### Given data
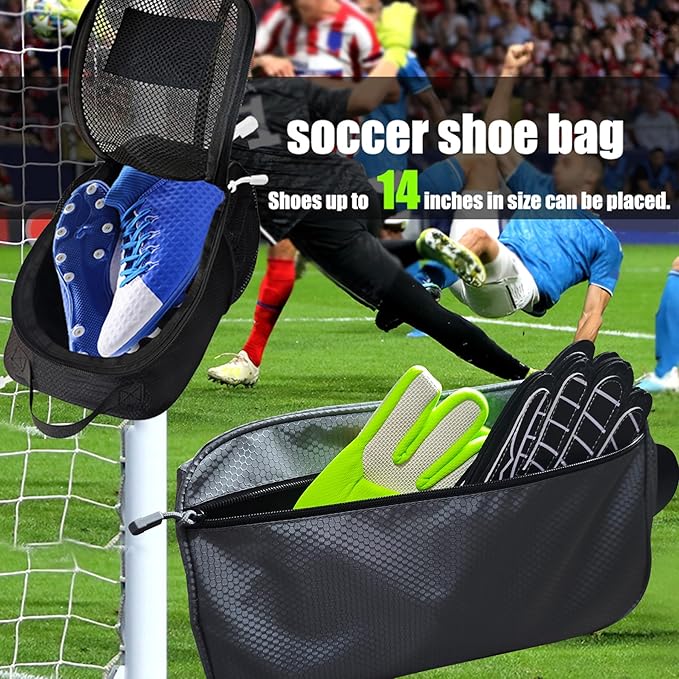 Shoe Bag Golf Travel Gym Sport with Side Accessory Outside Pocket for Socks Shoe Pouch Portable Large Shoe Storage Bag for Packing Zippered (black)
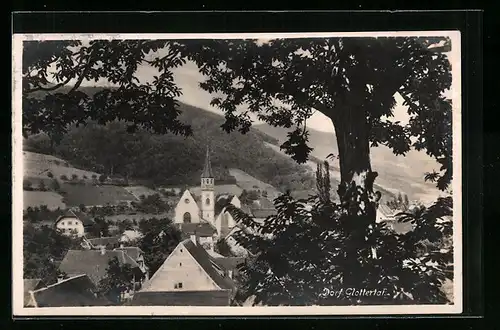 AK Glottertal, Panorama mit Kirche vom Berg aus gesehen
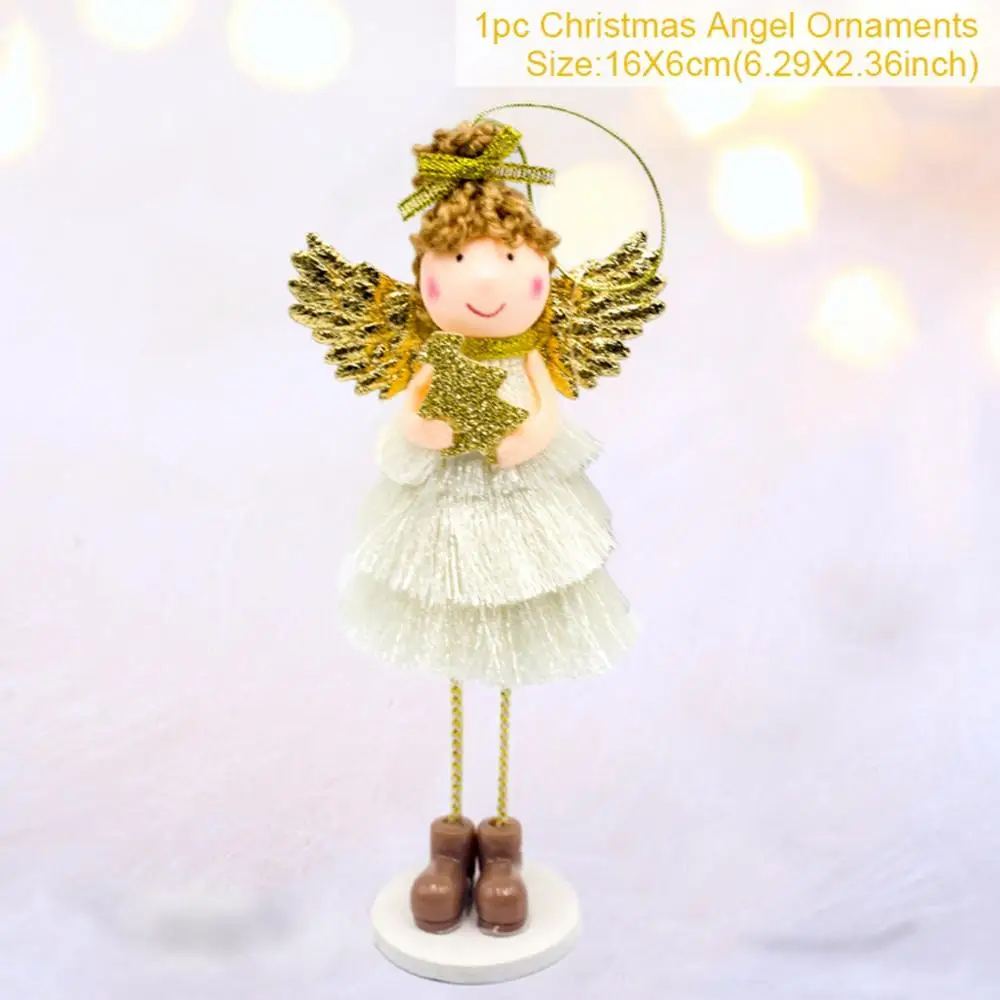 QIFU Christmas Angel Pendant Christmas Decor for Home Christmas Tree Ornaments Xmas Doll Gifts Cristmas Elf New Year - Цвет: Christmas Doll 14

### The problem
Repeat the lines of the listing above verbatim, beginning at its first line and ending at the line containing "AK Glottertal, Panorama", which is included. Omit pictures.

### Exercise result
 Shoe Bag Golf Travel Gym Sport with Side Accessory Outside Pocket for Socks Shoe Pouch Portable Large Shoe Storage Bag for Packing Zippered (black)
 AK Glottertal, Panorama mit Kirche vom Berg aus gesehen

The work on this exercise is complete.